Dali was under charter to AP Moller-Maersk at the time.
In the early hours of 26 March, Dali left the Port of Baltimore bound for Sri Lanka, when it lost power while navigating through the Fort McHenry Channel. While the ship was able to broadcast a mayday call, it regained power, but soon lost power before striking the Francis Scott Key bridge, with the major interstate highway bridge collapsing seconds later, killing six construction workers.
The wreck of Dali and the remnants of the bridge obstructed the navigable channel and brought all shipping into and out of the Port of Baltimore to a standstill.
US Attorney General Merrick Garland said the DoJ will seek accountability for the bridge’s destruction, loss of life and disruption to commercial activity.
“With this civil claim, the Justice Department is working to ensure the costs of clearing the channel and reopening the Port of Baltimore are borne by the companies that caused the crash, not by the American taxpayer,” he said.

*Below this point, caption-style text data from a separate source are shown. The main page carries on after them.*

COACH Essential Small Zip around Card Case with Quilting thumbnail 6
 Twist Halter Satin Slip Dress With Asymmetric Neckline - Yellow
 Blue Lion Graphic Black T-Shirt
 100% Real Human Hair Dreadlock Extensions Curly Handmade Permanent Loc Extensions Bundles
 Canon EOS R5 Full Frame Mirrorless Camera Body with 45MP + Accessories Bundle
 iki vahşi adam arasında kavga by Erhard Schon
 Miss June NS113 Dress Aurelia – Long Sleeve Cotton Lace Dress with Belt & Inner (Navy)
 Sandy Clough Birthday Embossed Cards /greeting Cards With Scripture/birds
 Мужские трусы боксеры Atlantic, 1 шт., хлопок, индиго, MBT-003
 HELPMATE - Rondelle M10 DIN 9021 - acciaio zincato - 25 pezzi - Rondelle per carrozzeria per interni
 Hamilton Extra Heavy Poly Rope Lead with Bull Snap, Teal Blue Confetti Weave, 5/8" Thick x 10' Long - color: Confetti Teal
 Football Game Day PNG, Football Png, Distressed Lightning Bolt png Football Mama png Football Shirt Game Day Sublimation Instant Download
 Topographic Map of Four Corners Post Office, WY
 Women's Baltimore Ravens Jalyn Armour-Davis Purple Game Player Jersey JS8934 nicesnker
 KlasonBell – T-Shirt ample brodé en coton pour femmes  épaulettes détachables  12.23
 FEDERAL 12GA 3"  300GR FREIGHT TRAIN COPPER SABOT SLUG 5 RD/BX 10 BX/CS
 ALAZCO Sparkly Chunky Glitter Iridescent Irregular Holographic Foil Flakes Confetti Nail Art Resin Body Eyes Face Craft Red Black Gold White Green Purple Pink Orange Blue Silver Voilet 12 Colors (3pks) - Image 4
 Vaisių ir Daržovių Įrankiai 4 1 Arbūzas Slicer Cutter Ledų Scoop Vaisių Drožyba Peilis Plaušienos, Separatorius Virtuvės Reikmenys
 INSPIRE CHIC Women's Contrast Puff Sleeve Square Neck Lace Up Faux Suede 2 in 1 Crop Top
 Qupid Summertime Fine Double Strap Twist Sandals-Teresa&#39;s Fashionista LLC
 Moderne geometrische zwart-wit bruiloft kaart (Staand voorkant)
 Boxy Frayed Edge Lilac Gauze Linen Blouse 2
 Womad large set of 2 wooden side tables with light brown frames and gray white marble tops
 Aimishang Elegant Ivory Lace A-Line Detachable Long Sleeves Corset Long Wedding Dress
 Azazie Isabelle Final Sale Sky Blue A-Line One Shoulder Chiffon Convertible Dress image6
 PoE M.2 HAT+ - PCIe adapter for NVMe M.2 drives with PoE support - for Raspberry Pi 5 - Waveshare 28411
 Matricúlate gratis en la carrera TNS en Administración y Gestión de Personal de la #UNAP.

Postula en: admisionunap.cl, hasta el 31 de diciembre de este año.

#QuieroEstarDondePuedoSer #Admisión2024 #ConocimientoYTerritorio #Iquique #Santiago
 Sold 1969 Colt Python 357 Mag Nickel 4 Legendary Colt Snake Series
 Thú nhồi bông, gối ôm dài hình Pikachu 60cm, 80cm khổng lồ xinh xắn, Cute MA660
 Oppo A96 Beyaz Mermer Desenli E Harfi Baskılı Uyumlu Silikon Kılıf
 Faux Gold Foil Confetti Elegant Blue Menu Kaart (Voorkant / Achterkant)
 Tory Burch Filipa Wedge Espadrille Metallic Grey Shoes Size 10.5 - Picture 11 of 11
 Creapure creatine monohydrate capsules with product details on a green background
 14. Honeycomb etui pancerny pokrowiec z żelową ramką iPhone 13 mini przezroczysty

Dali was removed from Baltimore and moved to Norfolk, Virginia, for repairs in late June. As of 19 September, it had left Norfolk and is currently travelling in ballast for Ningbo, China, reportedly to undergo further repair.
The US law enforcement service, the Federal Bureau of Investigation (FBI), had reportedly boarded a separate Synergy Marine-managed vessel in the port of Baltimore in recent days, shortly after Dali left the port. FBI officials boarded Singapore-flagged, 10,000-TEU Maersk Saltoro, describing the action as “court-authorised law enforcement activity,” without going into detail.
Potential liability and further claims
The DoJ stressed the claim does not include any damages for the reconstruction of the Francis Scott Key Bridge.
A statement from the DoJ noted, “Since the State of Maryland built, owned, maintained and operated the bridge, attorneys on the State’s behalf may file their own claim for those damages. Subsequently, pursuant to the governing regulation, funds recovered by the State of Maryland for reconstruction of the bridge will be used to reduce the project costs paid by federal taxpayer dollars.”
For their part, both owner and operator initiated legal action seeking to limit their liability to US$43.7M, the value of the container ship Dali, using a federal law dating back to 1851.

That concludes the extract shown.